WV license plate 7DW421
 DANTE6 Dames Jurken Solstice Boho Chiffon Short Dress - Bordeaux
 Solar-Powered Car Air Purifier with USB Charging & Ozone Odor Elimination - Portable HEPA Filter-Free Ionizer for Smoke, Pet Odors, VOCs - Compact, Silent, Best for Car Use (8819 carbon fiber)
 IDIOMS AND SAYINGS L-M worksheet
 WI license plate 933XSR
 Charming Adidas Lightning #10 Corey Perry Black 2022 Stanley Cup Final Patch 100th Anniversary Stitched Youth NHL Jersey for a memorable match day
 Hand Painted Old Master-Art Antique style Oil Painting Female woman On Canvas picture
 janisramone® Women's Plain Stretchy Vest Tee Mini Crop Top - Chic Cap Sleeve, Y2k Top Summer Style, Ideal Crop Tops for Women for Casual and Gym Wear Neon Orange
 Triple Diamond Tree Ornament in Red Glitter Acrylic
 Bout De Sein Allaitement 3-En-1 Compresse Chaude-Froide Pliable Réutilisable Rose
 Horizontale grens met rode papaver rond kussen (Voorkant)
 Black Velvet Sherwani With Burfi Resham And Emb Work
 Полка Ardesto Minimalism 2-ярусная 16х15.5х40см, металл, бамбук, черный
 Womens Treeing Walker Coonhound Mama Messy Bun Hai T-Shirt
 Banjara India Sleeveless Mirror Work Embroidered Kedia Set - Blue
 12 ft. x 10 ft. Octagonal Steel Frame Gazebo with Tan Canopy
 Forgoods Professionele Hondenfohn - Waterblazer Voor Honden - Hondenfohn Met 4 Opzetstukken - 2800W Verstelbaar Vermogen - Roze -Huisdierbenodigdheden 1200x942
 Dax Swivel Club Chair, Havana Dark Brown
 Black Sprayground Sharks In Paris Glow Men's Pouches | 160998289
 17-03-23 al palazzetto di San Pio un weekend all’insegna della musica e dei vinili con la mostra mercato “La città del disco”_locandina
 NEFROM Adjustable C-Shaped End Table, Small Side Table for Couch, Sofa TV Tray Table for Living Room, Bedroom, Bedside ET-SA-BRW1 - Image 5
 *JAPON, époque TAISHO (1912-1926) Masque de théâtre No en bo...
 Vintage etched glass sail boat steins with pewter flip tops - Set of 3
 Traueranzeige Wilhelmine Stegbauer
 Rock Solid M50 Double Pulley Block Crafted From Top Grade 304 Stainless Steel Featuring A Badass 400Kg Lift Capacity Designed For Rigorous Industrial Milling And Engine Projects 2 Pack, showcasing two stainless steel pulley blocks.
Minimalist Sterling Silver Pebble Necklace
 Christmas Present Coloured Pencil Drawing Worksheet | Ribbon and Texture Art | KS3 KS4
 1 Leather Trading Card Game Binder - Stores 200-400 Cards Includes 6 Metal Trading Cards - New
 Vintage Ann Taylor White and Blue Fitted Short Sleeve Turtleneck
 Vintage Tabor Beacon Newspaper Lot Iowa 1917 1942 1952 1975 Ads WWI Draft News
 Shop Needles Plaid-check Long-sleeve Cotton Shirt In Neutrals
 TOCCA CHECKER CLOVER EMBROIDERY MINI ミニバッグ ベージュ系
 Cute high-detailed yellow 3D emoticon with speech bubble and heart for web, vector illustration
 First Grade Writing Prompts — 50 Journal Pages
::::::::::
→ PROBLEM STATEMENT: Once you have found every line in the listing that holds the string "Steel", copy each of them.

→ EXERCISE OUTPUT:
 12 ft. x 10 ft. Octagonal Steel Frame Gazebo with Tan Canopy
 Rock Solid M50 Double Pulley Block Crafted From Top Grade 304 Stainless Steel Featuring A Badass 400Kg Lift Capacity Designed For Rigorous Industrial Milling And Engine Projects 2 Pack, showcasing two stainless steel pulley blocks.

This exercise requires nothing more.